Macaron tapait des deux mains sur une table de hêtre, et, tout comme une fois que l'on sait conduire une bicyclette, on le sait pour le reste de sa vie, ses cours de batterie suivis à l'adolescence lui servaient à présent à montrer trente-cinq ans plus tard, en territoire de spécialistes du genre, qu'il était à ses heures un percussionniste tout à fait acceptable. Main gauche, main droite, tap, tap, taptap.

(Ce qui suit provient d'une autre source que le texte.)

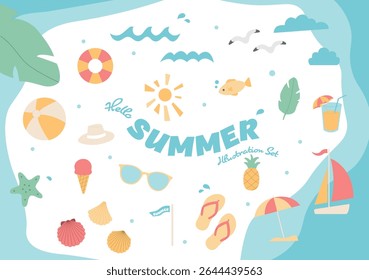 Illustration set of Summer and Sea items. Summer vacation icons travel Hello Summer Vector design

Et la musique avançait, variait, accélérait, ralentissait au fil des morceaux d'une playlist qui semblait infinie, et Macaron tapait toujours à s'en faire mal aux paumes. Les deux ou trois gugusses blacks qui traînaient dans le coffee à l'heure du déjeuner appréciaient et fumaient de plus belle, oubliant pour l'instant de manger.
Tadaptap, tap taptaptap tadapt... Et encore et encore et encore, morceau après morceau, bouffée après bouffée, rasade de double-croches après rasade de double-croches.
Le ton de la musique se durcit quelque peu, alors Macaron, fatigué, qui battait bien depuis une bonne heure et demie, commença en revanche de mettre la pédale douce. Il en était sur une pente descendante, tapant moins fort, tentant des combinaisons rythmiques plus subtiles, mais encore parfaitement audibles, rigoureuses et claires, quand l'un des compères, Rutger, se mit à chanter des paroles anglaises à propos d'un cul terreux de blanc qui venait jouer du tambour aux portes de l'Atlas, et d'un gros cul de black qui l'accueillait avec un chant.